The theme of the 25th Anniversary Volume of Souls: A Critical Journal of Black Politics, Culture, and Society is 'Divest/Invest.' This is, of course, occasioned by the case of Israel, and comparisons to South Africa/Apartheid and other historical movements to divest, which a multiracial coalition of students, at Columbia and throughout the world, have acutely returned to the center of public debate. Their demands of financial accountability, transparency, and divestment have, in turn, called into question, intensified, and in some cases upended historical and contemporary social-cultural and political-economic entanglements and solidarities. For Souls, this presents an opportunity to re-inaugurate our twenty-five-year project, at once in its tradition, and responsive to the current conjuncture.


Souls asks, just as pointedly as a divestment demand: where, and in what/whom must we invest? After all, the Black intellectual tradition out of which Souls emerges has called, over many generations, for a knowledge-based Black freedom project that is not merely reactive, but proactive. We invite you to think with us—at once topically, in the present/real, and more capaciously, to envision the conceptual-political labor of both divestment and investment. Accept this invitation to engage a creative practice of inventing otherwise.


Show us your best work. Study, write, make art, or critically appraise an important moment, object, issue, or event in your language—stretching toward the multilingual, multi-genre, multimedia engagement to which we aspire. This is a community conversation. We invite students, scholars, artists, archivists, organizers, and many others as conversation partners. Is divestment an abolitionist project? A Black feminist imperative? A chimera, fool’s errand, or trap? Show us.


Think through whether (or which) Black folks hold enough "controlling shares" in anything to warrant the term "divestment," or account for Black investments of social, cultural, or material capital—showing us the historical, political-economic, or ethical significance.
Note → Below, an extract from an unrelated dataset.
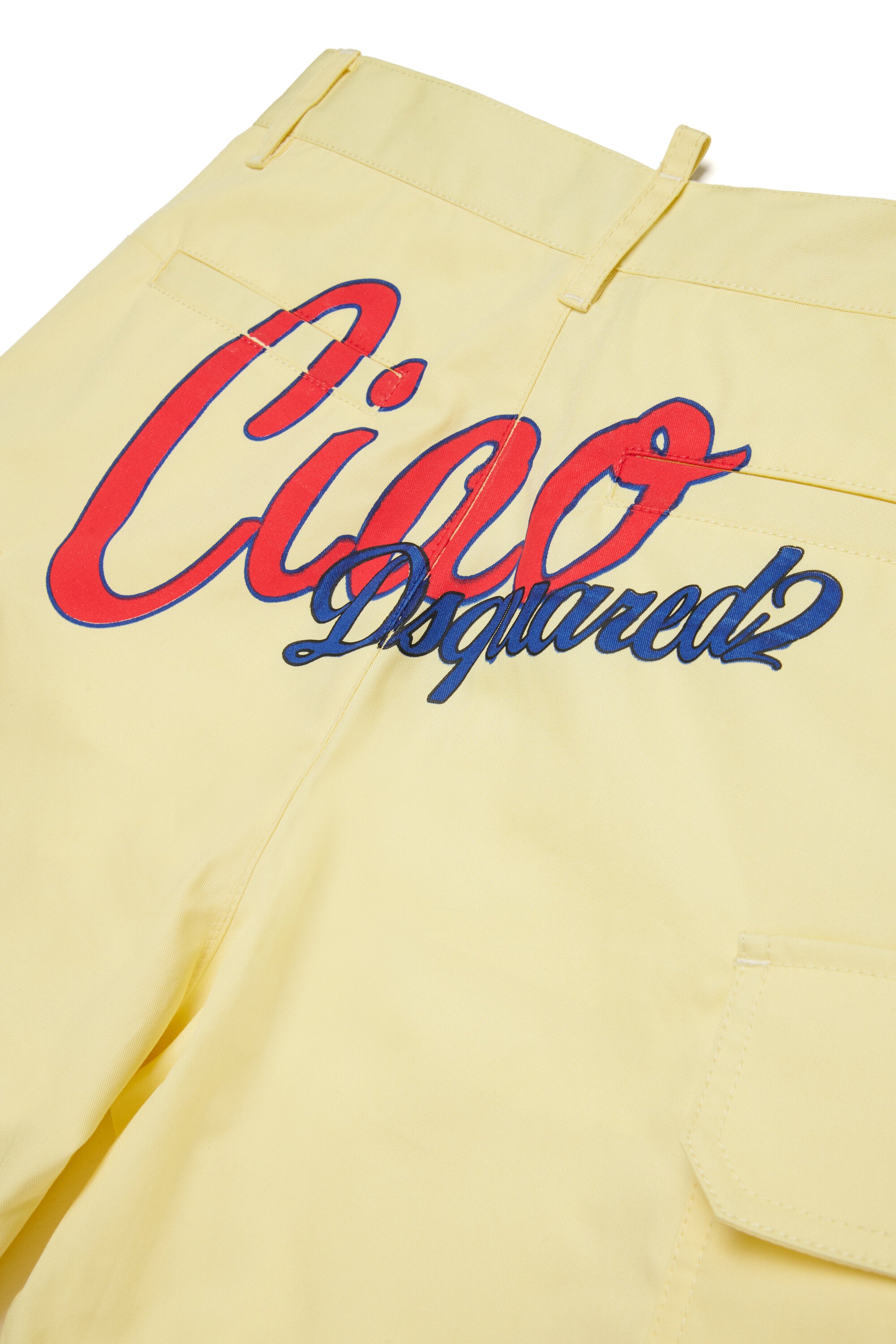 ロゴプリント入りカーゴショーツ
What does this look like from various global vantages?
And what are the costs? Elucidate the connections to anti-trans violence and anti-Blackness; reparations discourse; or to boycotts and sanctions, for example. Play with the etymology—rooted in devistir—by showing a concept or theme, research respondent, or text “undressed,” or trace how investments serve as a covering.
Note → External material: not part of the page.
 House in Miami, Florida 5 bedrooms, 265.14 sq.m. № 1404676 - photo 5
Assay a declension of divest. We want to know, for example, how scholars, artists, advocates, and practitioners envision divestment from whiteness; and/or a divestiture of masculinity, or gender itself? Does gender transition constitute an investment or disinvestment? Can the poor, or aspiring middle class really invest, or is this a bourgeois fiction? How are you witnessing these connections play out where you are? What array of bodies, practices, politics, and habits of mind are present on the ground? Push against assumptions and just-so narratives with new data, praxis, poiesis, and/or critical (re)examination.
Particularly germane to the work of reflecting 25 years of Souls: A Critical Journal of Black Politics, Culture, and Society: what about dis-investment from academic language, “accessible” language, or notions of "rigor," objectivity, and/or disciplinarity? How does this relate to our investment in the DuBoisian tradition that Souls has exemplified in twenty-four volumes and counting? What, for example, are our intellectual and ethical standards regarding what can be said and what effectively “cannot be said” in the current moment? “Won’t you celebrate with (us)” (Lucille Clifton, 1993) the 25-year history of the journal—inaugurating its expanded ambit online—by joining the conversation?